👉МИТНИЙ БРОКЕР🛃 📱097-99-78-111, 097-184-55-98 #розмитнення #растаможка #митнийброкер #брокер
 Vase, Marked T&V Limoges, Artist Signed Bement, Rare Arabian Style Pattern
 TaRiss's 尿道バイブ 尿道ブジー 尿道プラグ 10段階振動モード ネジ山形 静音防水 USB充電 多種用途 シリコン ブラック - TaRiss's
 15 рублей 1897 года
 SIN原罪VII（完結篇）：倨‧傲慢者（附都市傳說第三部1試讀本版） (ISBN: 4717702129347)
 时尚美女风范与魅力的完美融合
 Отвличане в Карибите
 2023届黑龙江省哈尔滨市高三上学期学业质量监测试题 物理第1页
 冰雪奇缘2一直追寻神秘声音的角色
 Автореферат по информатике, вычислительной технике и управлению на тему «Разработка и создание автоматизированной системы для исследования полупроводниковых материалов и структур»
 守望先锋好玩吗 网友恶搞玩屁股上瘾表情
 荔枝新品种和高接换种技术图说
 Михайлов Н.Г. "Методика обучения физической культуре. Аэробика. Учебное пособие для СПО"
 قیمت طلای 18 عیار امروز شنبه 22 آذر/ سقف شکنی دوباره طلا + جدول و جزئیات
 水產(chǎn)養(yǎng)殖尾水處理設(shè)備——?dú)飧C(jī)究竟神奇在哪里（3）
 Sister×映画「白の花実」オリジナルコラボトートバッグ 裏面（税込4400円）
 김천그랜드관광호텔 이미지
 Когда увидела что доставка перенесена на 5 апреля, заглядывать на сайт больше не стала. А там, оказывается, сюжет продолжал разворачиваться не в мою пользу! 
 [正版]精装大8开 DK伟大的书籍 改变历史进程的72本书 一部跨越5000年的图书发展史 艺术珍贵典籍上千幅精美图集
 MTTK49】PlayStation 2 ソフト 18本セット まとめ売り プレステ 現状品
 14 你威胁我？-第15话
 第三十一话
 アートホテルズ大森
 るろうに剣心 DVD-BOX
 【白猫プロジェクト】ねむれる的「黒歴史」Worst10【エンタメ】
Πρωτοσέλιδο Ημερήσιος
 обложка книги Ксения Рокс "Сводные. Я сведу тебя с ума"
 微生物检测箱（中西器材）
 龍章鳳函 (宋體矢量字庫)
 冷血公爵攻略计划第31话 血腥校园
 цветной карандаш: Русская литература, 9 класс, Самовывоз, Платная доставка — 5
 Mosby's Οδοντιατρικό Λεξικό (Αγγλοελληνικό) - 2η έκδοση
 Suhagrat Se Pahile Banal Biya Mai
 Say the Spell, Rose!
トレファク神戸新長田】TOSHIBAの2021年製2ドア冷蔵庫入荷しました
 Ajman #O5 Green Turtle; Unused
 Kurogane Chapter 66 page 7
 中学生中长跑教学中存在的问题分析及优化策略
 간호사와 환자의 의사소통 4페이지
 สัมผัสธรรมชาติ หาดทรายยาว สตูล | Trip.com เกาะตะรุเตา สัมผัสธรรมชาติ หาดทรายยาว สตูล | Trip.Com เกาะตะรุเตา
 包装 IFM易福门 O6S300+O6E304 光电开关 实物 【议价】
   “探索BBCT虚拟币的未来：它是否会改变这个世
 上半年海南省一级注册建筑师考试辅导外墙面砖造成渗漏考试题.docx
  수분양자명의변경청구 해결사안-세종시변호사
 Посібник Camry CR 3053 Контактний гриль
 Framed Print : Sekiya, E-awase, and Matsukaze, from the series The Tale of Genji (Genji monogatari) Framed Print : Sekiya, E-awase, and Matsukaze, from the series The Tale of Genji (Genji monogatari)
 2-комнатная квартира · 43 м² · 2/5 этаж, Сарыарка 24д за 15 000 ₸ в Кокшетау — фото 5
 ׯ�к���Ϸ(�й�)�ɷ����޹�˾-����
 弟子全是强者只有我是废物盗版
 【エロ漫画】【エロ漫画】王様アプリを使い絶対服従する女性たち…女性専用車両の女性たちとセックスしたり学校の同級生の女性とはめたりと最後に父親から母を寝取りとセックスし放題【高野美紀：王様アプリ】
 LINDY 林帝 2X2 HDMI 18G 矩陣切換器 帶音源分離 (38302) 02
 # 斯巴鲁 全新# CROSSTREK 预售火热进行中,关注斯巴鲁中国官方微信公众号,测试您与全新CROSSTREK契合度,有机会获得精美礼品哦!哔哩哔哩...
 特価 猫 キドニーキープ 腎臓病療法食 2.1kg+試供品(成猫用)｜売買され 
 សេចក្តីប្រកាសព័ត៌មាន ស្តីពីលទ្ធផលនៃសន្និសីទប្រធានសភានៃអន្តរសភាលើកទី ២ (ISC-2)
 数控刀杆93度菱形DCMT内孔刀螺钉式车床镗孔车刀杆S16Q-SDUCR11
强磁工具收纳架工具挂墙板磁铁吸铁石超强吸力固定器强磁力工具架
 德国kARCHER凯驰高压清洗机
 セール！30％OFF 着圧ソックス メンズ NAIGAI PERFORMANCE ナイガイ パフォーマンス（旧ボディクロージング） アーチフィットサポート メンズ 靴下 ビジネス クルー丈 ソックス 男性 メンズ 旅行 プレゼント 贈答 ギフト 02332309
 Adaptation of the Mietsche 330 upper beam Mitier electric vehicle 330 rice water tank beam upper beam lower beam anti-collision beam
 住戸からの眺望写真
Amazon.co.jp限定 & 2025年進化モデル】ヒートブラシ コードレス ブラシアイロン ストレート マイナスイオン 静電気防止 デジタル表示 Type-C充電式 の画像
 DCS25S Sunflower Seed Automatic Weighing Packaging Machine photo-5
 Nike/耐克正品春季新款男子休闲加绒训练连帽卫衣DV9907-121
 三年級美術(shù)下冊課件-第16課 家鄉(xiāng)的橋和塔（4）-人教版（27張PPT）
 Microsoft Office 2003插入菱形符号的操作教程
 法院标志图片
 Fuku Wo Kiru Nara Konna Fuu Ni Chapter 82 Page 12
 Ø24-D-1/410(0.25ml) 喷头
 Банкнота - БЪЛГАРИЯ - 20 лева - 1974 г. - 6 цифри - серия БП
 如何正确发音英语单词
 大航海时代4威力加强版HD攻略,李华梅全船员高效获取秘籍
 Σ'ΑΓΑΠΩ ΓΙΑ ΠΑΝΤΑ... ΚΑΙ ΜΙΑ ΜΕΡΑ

> ASSIGNMENT
Reply with nothing but the number of lines in the listing that include the string "Chapter".

> TASK RESPONSE
2